Andrew bajó las manos y se volvió. Dieron unos pasos hacia la sala, y en ese instante el ave en su bolsillo le quemó la piel. Se detuvo, frotándose el muslo. A su espalda resonó un chirrido prolongado.

La pesada hoja de roble empezó a abrirse despacio. Las tablas gemían, estirando el silencio. Más allá del umbral se extendía una oscuridad espesa, impenetrable.

—¿Podría ser el vendedor? —susurró Veronica.

—Hasta que no entremos, no lo sabremos —respondió Andrew, mirando a la negrura.

Se acercaron. Del hueco emanaba un frío húmedo. Algo se agitaba en el fondo, pero el sonido se escabullía en cuanto respiraban.

Veronica limpió el polvo de una placa sobre el marco torcido.

—«Prohibido el paso a personas ajenas» —leyó.

Andrew esbozó una sonrisa torcida.

—Buscábamos algo fuera de lo común. Parece que nos ha encontrado primero.

Veronica apretó los labios. En cada curva de la puerta se percibía una trampa. Pero lo sabía: si se echaba atrás, Andrew entraría igual… solo.

—Está bien —dijo—. Entramos juntos.

Cruzaron el umbral. La oscuridad los recibió en silencio. Al poco, sobre sus cabezas se encendieron lámparas mortecinas. Un pasillo estrecho, surcado de pequeñas grietas, los guiaba hacia adelante. Caminaron sin hablar.
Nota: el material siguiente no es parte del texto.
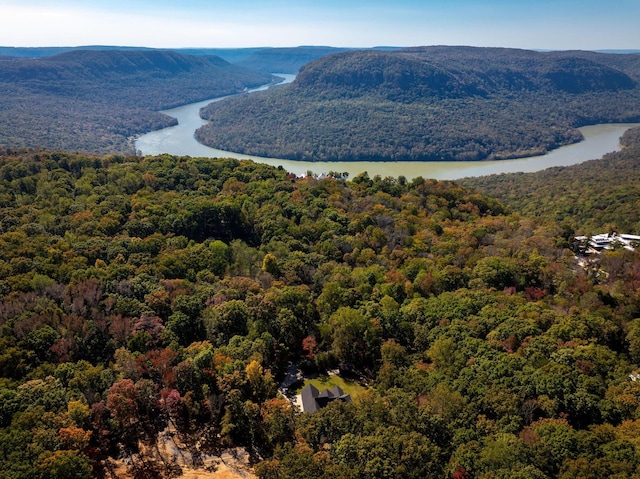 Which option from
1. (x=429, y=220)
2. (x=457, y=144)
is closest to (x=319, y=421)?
(x=429, y=220)

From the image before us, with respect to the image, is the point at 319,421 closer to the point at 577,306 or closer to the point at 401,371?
the point at 401,371

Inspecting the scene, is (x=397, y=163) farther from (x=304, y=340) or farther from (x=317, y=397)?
(x=317, y=397)

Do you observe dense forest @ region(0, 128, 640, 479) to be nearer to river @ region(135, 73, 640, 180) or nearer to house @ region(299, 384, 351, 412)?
house @ region(299, 384, 351, 412)

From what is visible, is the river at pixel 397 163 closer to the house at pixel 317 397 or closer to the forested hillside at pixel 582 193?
the forested hillside at pixel 582 193

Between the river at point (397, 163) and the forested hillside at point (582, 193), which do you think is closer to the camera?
the forested hillside at point (582, 193)

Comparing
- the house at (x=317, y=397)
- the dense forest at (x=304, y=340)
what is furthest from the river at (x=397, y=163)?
the house at (x=317, y=397)

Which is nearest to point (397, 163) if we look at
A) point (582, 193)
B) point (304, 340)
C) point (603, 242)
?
point (582, 193)

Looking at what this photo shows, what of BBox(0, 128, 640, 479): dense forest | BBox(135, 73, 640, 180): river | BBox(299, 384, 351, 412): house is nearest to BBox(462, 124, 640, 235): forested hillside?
BBox(135, 73, 640, 180): river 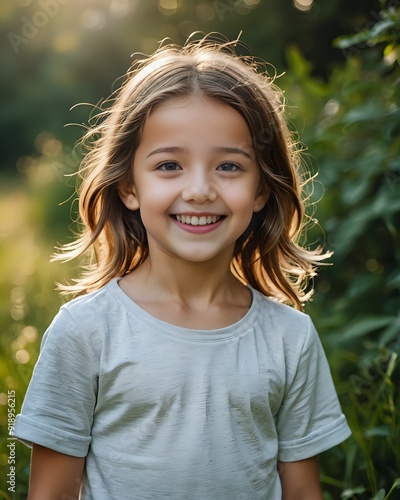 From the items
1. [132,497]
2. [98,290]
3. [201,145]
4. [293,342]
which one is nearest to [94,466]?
[132,497]

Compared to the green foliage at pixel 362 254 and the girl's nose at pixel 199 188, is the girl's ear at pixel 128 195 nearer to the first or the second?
the girl's nose at pixel 199 188

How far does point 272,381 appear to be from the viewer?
205cm

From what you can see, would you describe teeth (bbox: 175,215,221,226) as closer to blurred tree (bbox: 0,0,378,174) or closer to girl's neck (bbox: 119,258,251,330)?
girl's neck (bbox: 119,258,251,330)

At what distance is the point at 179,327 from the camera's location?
202 centimetres

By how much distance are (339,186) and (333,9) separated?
1.57m

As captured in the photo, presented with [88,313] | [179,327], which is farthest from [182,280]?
[88,313]

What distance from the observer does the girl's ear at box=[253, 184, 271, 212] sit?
2232mm

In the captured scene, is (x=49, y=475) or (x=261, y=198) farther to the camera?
(x=261, y=198)

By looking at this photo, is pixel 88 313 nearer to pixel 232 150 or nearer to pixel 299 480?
pixel 232 150

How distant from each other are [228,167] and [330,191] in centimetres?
178

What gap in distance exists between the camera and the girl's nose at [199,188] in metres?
1.95

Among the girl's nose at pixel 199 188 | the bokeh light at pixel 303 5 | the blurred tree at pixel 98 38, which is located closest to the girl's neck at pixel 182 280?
the girl's nose at pixel 199 188

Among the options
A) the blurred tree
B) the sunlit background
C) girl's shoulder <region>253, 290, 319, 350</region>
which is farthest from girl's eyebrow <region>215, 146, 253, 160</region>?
the blurred tree

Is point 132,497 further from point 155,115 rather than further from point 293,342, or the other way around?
point 155,115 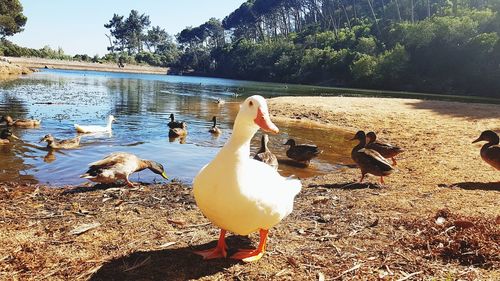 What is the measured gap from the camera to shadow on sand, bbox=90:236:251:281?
12.8 feet

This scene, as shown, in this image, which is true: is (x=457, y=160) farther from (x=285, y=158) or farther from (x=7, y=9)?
(x=7, y=9)

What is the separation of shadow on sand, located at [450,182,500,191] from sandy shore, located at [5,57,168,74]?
93692 mm

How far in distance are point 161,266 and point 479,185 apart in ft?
23.5

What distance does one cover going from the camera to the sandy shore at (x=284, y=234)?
3980 mm

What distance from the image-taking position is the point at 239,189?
149 inches

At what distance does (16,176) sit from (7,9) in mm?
75788

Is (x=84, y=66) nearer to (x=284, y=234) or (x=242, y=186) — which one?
(x=284, y=234)

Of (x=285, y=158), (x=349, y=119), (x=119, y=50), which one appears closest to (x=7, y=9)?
(x=349, y=119)

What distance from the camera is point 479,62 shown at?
201 feet

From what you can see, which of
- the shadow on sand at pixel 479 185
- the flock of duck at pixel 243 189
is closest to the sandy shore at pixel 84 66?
the shadow on sand at pixel 479 185

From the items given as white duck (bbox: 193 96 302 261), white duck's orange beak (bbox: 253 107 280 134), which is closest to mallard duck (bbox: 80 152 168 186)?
white duck (bbox: 193 96 302 261)

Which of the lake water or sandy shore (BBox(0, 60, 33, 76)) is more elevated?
Result: sandy shore (BBox(0, 60, 33, 76))

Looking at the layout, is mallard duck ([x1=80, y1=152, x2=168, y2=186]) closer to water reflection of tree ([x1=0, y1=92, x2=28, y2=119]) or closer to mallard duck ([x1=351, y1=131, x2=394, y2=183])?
mallard duck ([x1=351, y1=131, x2=394, y2=183])

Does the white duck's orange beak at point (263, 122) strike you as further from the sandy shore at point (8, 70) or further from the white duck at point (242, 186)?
the sandy shore at point (8, 70) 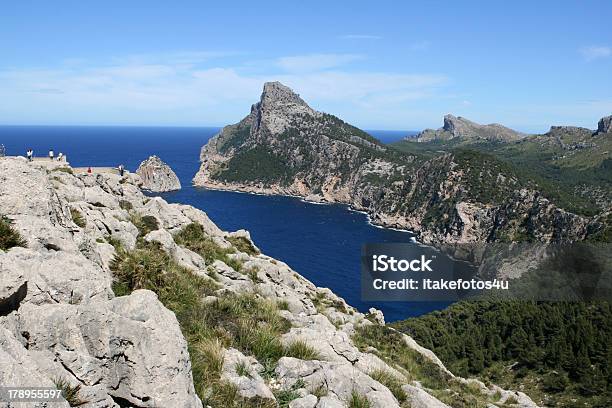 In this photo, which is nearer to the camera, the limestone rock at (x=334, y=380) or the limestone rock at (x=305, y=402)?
the limestone rock at (x=305, y=402)

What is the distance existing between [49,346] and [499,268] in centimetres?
15724

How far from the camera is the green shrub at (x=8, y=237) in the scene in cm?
978

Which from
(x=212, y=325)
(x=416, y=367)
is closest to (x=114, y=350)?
(x=212, y=325)

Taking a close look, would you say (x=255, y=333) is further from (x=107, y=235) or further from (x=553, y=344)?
(x=553, y=344)

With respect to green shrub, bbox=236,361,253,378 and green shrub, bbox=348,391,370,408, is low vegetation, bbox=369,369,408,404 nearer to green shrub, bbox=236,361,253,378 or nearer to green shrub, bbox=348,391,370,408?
green shrub, bbox=348,391,370,408

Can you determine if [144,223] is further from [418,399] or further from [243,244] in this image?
[418,399]

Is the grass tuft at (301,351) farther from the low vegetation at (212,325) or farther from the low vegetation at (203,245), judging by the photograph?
the low vegetation at (203,245)

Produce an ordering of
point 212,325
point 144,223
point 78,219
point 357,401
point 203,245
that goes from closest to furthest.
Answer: point 357,401, point 212,325, point 78,219, point 144,223, point 203,245

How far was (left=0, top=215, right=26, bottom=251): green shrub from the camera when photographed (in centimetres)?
978

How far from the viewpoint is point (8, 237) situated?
390 inches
De la nada empezó a formarse una mancha de luz. La llama de un candelabro macizo proyectaba reflejos temblorosos sobre columnas y techo. El aire olía a papel viejo y humedad.

La sala se abrió de golpe. Las estanterías se alzaban hacia lo alto, perdiéndose en la penumbra. Libro tras libro; los lomos susurraban al menor soplo de aire.

—Guau… —fue todo lo que Andrew pudo decir.

Veronica se acercó a una mesa de roble en el centro. Sobre ella yacía un mapa cubierto de trazos plateados. Las líneas fluían y se reordenaban, dibujando tierras extrañas. Ella se inclinó: el dibujo cambiaba ante sus ojos. El mapa no solo mostraba… recordaba.